## DIRECTIONS FOR THIS TASK
Return an exact copy of the entries, skipping any picture you find.

+ + + +

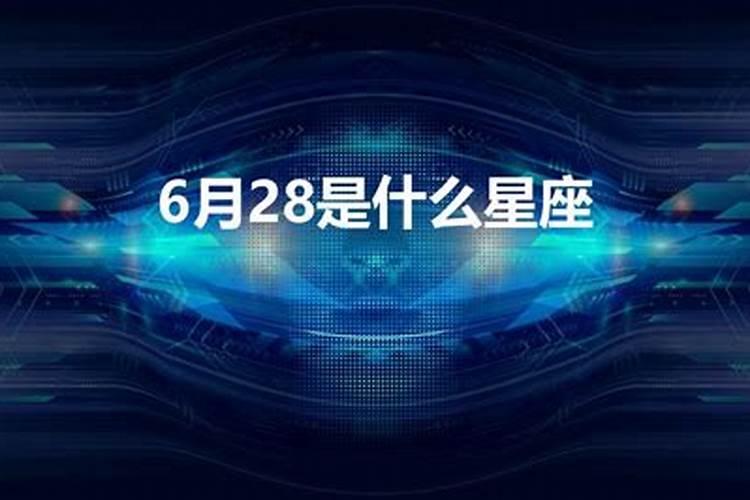 阳历6月28日是什么星座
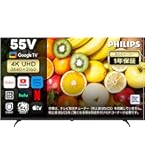 PHILIPS チューナーレステレビ 50インチ 4K Amazon | Philips(フィリップス) チューナーレステレビ 50インチ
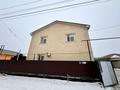 Жеке үй · 6 бөлме · 280 м² · 10 жүзд., Исатай Тайманова 407 — Базарға жақын, бағасы: 55 млн ₸ в Кульсары
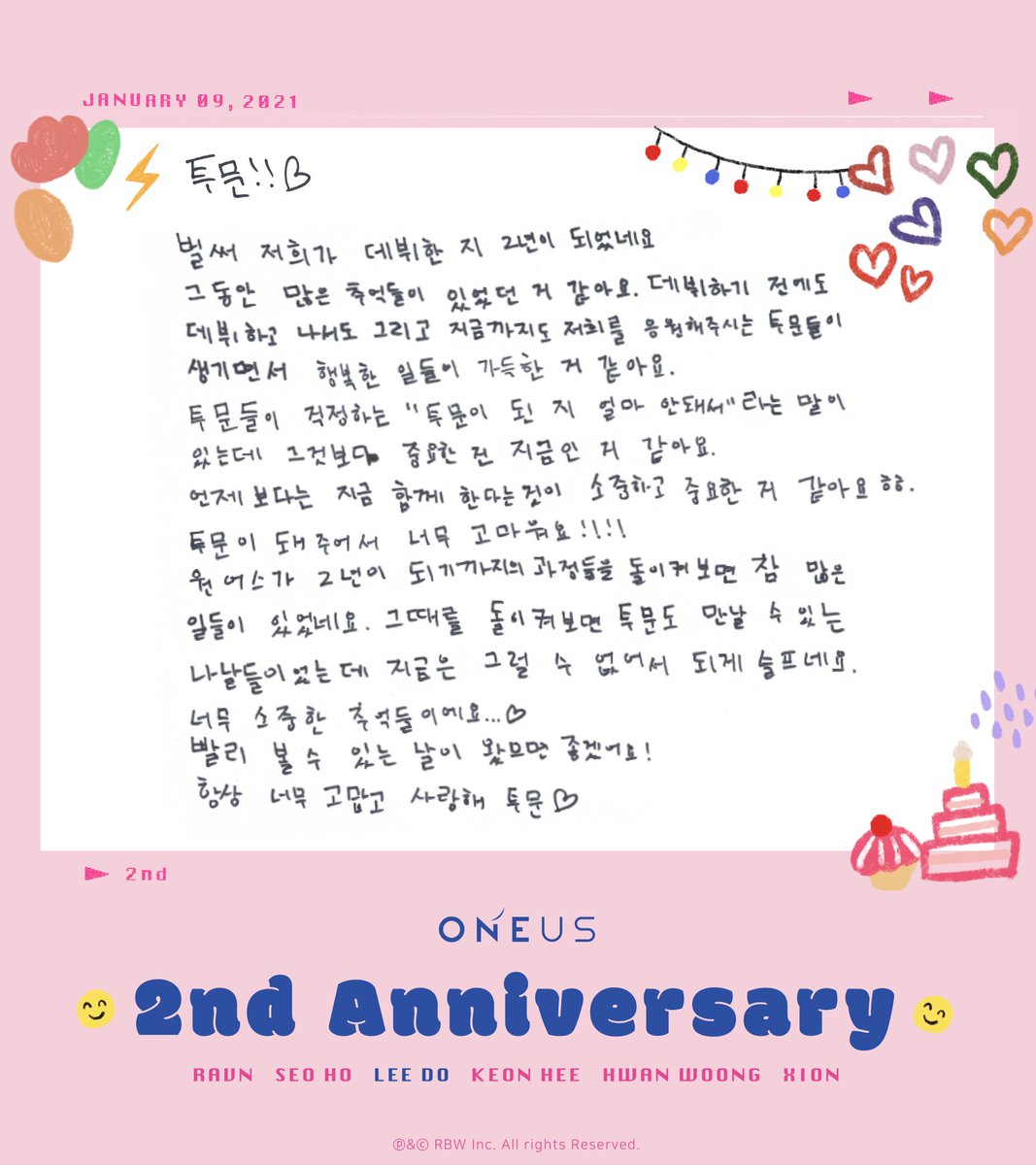 official_ONEUS's tweet photo. [#US_PLUS]

💚 2 YEARS WITH ONEUS 💙

🌎🌕✨

#레이븐 #서호 #이도

🌎🌕✨

#2YearsWithONEUS
#원어스2주년축하해
#달빛이_원어스_2주년을_발키리 https://t.co/OtqTNwUBSI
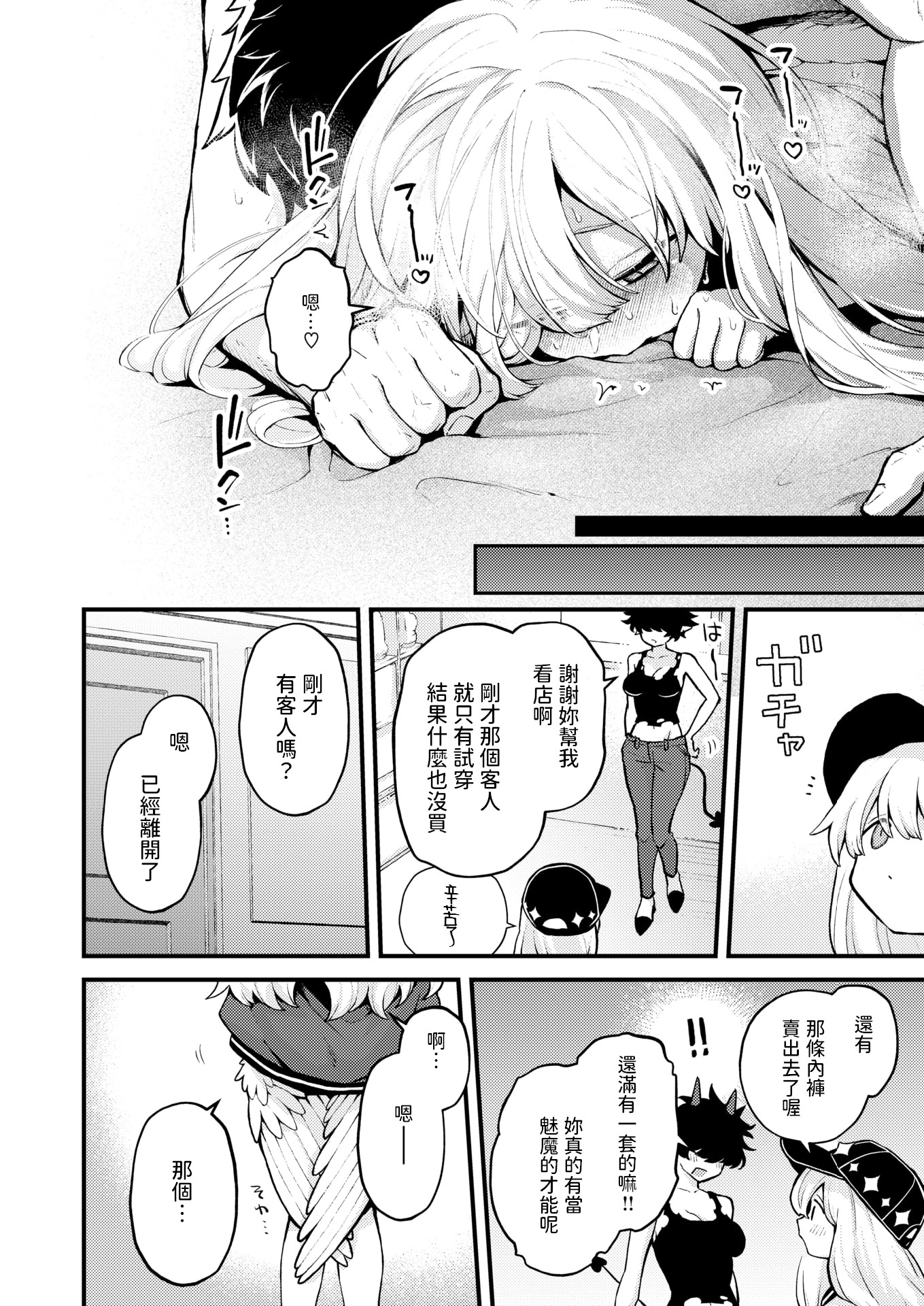 [日本漫画] [エロ井ロエ] 18禁天使 (COMIC 快楽天 2025年6月号) [中国翻訳] [DL版] 单本,巨乳大奶,单女,单男#[28P]-26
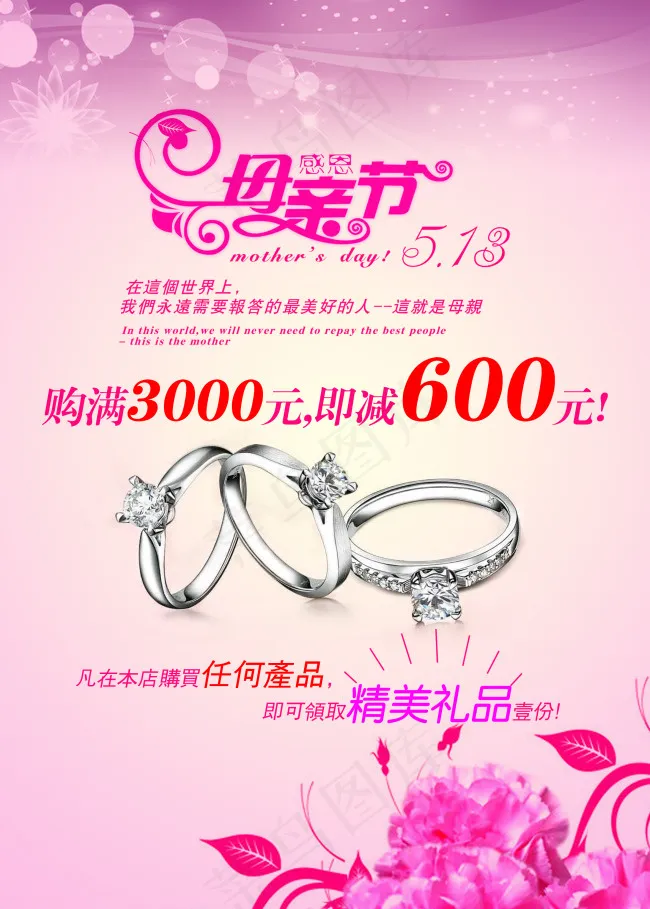 情人节快乐送礼品海报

+ + + +

## SOLUTION FOR THIS TASK
 阳历6月28日是什么星座
 PHILIPS チューナーレステレビ 50インチ 4K Amazon | Philips(フィリップス) チューナーレステレビ 50インチ
 Жеке үй · 6 бөлме · 280 м² · 10 жүзд., Исатай Тайманова 407 — Базарға жақын, бағасы: 55 млн ₸ в Кульсары
 official_ONEUS's tweet photo. [#US_PLUS]

💚 2 YEARS WITH ONEUS 💙

🌎🌕✨

#레이븐 #서호 #이도

🌎🌕✨

#2YearsWithONEUS
#원어스2주년축하해
#달빛이_원어스_2주년을_발키리 https://t.co/OtqTNwUBSI
 [日本漫画] [エロ井ロエ] 18禁天使 (COMIC 快楽天 2025年6月号) [中国翻訳] [DL版] 单本,巨乳大奶,单女,单男#[28P]-26
 情人节快乐送礼品海报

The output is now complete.